The evening’s highlight, “Author’s Footnotes,” was facilitated by educator Ms Kadian Rowe. This segment saw an intimate conversation, with the Antiguan author, on her writing process, inspiration, and hurdles. 

Mrs Joseph and Ms Rowe sat in a cosy, rustic setting as the latter mused, “What was your inspiration for the book?” Mrs Joseph replied, “I observed teachers in the classroom and at workshops struggling with the concept of integrating Faith and Learning.  This book was inspired by a desire to assist them in this area of their practice.” The author – who dedicated the book to her 99-year-old mother – also attributed the books ‘Education’ by Ellen G. White, and ‘Educating for Eternity’ by George Knight, as inspiration.


As for hurdles, Mrs Joseph pointed out that as Education Director of the North Caribbean Conference with a busy schedule, she paced herself over three (3) years to complete the book.

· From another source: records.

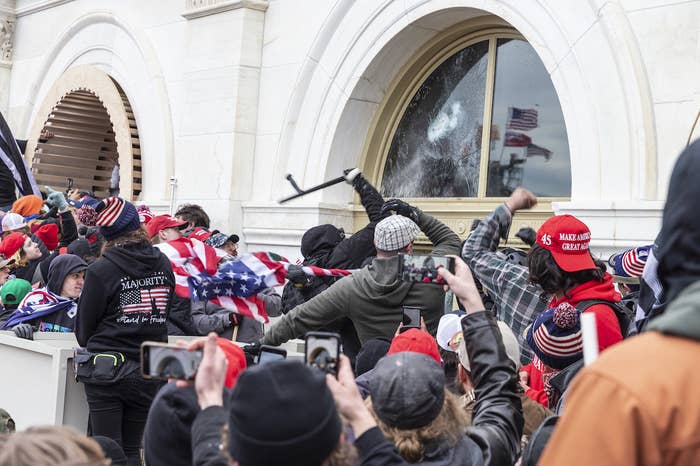 Insurrectionists smash windows at the Capitol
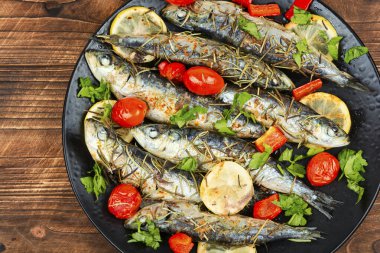 Çeri domatesli, biberiyeli ve limonlu sardalya ve sade ahşap masa. Kırsal biçim.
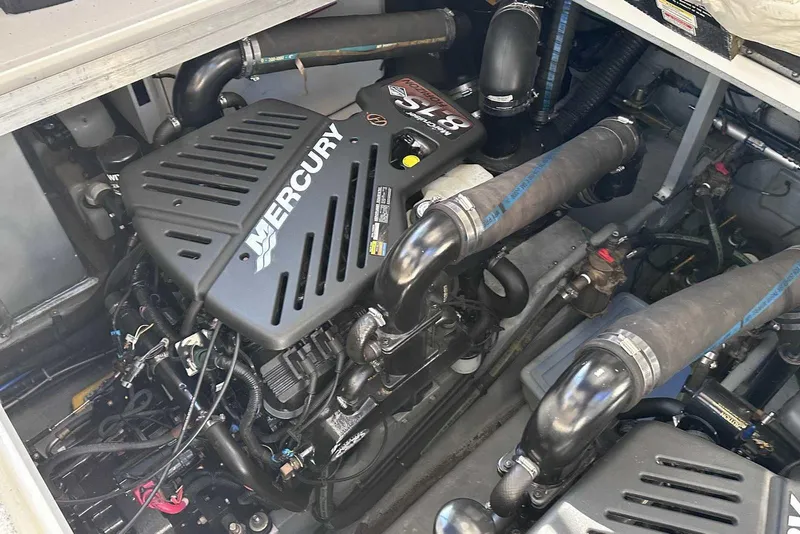 Slide: The Image of Engine compartment of a 2000 Sea Ray 410 Sundancer with Mercury engine components. - 44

After the successful launch of the volume, which ranked #1 on Amazon’s New Releases in ‘Educational Psychology,’ it appears the wait might have been worth it. 

This program, a celebration of the influence of Christian Education, won’t be soon forgotten as evidenced by the “congratulatory confetti” from a wide cross-section of celebrants - students and personnel of the schools Mrs Joseph supervises, family, colleagues, and friends.